A thermal spike is a region in which a moving particle heats up the material surrounding its track through the solid for times of the order of 10^{−12} s. In its path, a PKA can produce effects similar to those of heating and rapidly quenching a metal, resulting in Frenkel defects. A thermal spike does not last long enough to permit annealing of the Frenkel defects.

A different model called the displacement spike was proposed for fast neutron bombardment of heavy elements. With high energy PKAs, the region affected is heated to temperatures above the material's melting point, and instead of considering individual collisions, the entire volume affected could be considered to “melt” for a short period of time. The words “melt” and “liquid” are used loosely here because it is not clear whether the material at such high temperatures and pressures would be a liquid or a dense gas. Upon melting, former interstitials and vacancies become “density fluctuations,” since the surrounding lattice points no longer exist in liquid. In the case of a thermal spike, the temperature is not high enough to maintain the liquid state long enough for density fluctuations to relax and interatomic exchange to occur. A rapid “quenching” effect results in vacancy-interstitial pairs that persist throughout melting and resolidification. Towards the end of the path of a PKA, the rate of energy loss becomes high enough to heat up the material well above its melting point. While the material is melted, atomic interchange occurs as a result of random motion of the atoms initiated by the relaxation of local strains from the density fluctuations. This releases stored energy from these strains that raises the temperature even higher, maintaining the liquid state briefly after most of the density fluctuations disappear. During this time, the turbulent motions continue so that upon resolidification, most of the atoms will occupy new lattice sites. Such regions are called displacement spikes, which, unlike thermal spikes, do not retain Frenkel defects.

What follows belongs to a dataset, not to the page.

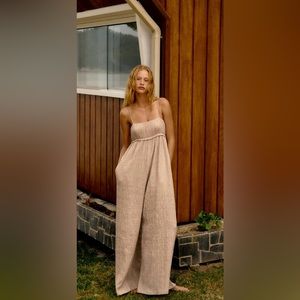 Zara structured long jumpsuit. Size XS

Based on these theories, there should be two different regions, each retaining a different form of damage, along the path of a PKA. A thermal spike should occur in the earlier part of the path, and this high-energy region retains vacancy-interstitial pairs. There should be a displacement spike towards the end of the path, a low-energy region where atoms have been moved to new lattice sites but no vacancy-interstitial pairs are retained.

== Cascade Damage ==

The structure of cascade damage is strongly dependent on PKA energy, so the PKA energy spectrum should be used as the basis of evaluating microstructural changes under cascade damage. In thin gold foil, at lower bombardment doses, the interactions of cascades are insignificant, and both visible vacancy clusters and invisible vacancy-rich regions are formed by cascade collision sequences. The interaction of cascades at higher doses was found to produce new clusters near existing groups of vacancy clusters, apparently converting invisible vacancy-rich regions to visible vacancy clusters. These processes are dependent on PKA energy, and from three PKA spectra obtained from fission neutrons, 21 MeV self-ions, and fusion neutrons, the minimum PKA energy required to produce new visible clusters by interaction was estimated to be 165 keV.